The assignment does not require a way to add inventory from the web site (though that's a fine thing to have if you find time). You can add entries to inventory using sqlite3 to issue SQL commands to the database. I added small command to add (unrented) cars to the inventory:
flask$ flask --app rental add-car Description: Blue Toyota Sienna Size class (small, medium, large): large Inventory Blue Toyota Sienna (large) added
To do this, I Followed the pattern of db.py in Counter 4 to create a CLI command with the two arguments shown. The body of the method performs the SQL commands (rather than calling other methods as the example). I also updated the init_app method at the bottom to add my command to the app. The existing add_user method, and some code in the Chat have examples of the SQL insert command similar to what is needed here.

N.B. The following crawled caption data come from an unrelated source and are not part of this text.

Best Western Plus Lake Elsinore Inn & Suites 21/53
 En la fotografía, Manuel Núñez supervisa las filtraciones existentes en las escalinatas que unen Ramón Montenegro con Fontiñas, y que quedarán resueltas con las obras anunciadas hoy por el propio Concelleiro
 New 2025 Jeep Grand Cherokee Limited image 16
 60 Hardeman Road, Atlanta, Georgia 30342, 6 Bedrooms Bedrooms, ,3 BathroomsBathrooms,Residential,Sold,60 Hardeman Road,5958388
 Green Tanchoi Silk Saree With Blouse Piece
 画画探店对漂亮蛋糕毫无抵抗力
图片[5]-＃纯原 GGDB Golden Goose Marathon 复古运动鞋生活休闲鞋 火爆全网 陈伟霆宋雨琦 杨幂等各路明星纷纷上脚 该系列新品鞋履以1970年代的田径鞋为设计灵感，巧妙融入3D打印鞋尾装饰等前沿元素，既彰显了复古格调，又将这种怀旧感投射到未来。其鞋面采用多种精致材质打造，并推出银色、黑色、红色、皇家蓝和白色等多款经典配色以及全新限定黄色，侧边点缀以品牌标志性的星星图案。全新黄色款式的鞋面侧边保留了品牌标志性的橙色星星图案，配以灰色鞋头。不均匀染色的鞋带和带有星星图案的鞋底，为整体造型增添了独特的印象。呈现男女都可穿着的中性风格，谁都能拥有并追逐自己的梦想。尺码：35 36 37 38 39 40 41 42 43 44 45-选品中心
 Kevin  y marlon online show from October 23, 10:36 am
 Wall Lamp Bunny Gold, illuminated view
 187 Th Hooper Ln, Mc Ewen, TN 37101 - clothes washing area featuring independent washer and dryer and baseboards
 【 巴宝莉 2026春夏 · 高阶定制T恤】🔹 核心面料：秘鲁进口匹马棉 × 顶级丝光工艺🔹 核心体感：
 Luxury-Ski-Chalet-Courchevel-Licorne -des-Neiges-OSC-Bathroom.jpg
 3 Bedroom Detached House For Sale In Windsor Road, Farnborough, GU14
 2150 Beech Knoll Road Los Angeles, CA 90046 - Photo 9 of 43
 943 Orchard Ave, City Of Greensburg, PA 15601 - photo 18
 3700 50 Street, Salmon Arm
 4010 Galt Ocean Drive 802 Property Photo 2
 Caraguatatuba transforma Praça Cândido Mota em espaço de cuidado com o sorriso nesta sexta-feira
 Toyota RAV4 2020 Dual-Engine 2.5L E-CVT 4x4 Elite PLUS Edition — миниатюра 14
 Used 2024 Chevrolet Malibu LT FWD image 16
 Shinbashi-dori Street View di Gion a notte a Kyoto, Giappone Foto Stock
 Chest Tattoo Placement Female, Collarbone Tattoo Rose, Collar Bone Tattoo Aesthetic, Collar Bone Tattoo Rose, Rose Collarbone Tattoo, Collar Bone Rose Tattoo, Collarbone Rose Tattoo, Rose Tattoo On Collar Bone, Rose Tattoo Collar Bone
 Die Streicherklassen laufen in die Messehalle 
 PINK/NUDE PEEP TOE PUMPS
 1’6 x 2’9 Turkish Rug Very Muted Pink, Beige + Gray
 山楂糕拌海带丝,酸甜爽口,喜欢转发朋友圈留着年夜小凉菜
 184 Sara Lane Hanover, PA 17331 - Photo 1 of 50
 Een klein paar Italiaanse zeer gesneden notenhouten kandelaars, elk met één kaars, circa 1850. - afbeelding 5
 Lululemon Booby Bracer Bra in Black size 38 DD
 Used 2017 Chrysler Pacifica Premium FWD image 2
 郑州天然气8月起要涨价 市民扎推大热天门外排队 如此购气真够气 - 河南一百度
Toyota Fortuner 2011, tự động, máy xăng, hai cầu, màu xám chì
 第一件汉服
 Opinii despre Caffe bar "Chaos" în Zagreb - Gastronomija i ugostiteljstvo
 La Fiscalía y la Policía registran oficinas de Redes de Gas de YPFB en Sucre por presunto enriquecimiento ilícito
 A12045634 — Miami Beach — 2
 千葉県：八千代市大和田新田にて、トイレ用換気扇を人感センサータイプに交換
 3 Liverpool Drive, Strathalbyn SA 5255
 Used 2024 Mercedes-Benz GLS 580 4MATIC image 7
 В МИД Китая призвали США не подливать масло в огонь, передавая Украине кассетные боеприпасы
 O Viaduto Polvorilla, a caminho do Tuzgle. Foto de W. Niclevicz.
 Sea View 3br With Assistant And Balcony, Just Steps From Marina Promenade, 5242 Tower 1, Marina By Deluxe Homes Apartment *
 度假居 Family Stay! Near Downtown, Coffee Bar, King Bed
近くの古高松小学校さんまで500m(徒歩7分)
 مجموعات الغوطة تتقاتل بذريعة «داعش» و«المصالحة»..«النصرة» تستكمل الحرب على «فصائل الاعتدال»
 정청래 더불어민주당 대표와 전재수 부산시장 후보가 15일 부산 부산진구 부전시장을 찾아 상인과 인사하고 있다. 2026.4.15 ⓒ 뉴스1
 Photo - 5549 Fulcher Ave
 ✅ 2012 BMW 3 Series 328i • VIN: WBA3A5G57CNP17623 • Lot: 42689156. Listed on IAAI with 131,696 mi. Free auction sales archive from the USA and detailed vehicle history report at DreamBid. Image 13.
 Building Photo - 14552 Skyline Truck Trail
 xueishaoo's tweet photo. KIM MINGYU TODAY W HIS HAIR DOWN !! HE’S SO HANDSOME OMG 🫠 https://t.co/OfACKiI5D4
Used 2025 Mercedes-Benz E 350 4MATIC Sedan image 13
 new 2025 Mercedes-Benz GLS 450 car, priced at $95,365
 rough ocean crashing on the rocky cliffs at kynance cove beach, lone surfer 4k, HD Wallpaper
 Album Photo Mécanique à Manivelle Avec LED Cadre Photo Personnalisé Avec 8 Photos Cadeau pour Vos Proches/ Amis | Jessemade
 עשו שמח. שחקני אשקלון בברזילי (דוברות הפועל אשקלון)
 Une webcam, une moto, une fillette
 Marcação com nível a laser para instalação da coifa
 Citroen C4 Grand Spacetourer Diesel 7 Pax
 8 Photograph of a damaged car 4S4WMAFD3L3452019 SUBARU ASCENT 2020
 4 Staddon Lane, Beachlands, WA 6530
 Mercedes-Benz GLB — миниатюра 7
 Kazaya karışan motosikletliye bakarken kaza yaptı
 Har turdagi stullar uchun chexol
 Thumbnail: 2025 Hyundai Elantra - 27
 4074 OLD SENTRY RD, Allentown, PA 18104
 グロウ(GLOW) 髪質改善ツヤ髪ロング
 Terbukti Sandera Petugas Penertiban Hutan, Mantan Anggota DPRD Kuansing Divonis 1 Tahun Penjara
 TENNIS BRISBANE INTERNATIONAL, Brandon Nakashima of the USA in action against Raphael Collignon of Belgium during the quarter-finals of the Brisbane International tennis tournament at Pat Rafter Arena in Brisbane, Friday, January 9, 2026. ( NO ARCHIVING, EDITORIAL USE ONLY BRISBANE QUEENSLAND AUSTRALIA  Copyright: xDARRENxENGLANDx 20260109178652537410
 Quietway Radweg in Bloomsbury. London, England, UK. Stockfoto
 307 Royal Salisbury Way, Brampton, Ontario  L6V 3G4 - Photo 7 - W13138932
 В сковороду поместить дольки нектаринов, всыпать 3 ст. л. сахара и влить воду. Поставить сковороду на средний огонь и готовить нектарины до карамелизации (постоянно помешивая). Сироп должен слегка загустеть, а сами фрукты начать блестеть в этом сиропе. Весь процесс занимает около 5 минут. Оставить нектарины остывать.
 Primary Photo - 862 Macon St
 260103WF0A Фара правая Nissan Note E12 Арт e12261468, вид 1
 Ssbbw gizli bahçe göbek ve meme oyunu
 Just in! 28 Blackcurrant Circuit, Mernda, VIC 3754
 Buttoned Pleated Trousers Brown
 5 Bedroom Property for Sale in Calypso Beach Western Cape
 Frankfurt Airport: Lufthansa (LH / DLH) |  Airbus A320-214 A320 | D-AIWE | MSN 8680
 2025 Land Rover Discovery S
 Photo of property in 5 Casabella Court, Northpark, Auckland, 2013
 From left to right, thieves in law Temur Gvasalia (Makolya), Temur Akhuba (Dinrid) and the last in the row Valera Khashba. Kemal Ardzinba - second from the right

Next: Making it list the inventory.

Well, not Yet. First...

Integrating the Login

  1. I swiped the base and counter templates from Counter 4, and placed them in a new directory templates inside inven.
  2. I renamed counter.tmpl to login.tmpl. I cut a little from the base and a lot from login. Counter doesn't mention state, just HTML boiler plate and the optional error display at bottom. Login just presents the form for creds, and removes basically everything else.
  3. For the login form, I removed the action attribute so the form submits back to the URL it came from.
  4. I created a stub inventory view. New file inven.py which contains a single view, that for present is just an HTML string that says it's a stub. Give the file a proper init method and have __init__.py call it, so inven can join the party.
  5. The existing home.py becomes the login page.
    1. It now has two view functions, distinguished by method (same URL). This technique is used in Counter 4 registration.
    2. When reached by GET, the session is initialized as logged out, and the login template is rendered.
    3. When reached by POST, the login data is checked. If bad, the login template is rendered again with an error message. If not, the browser is forwarded to the inventory listing, presently a stub.
    4. I followed the pattern in gen.logo in the counter to check the password.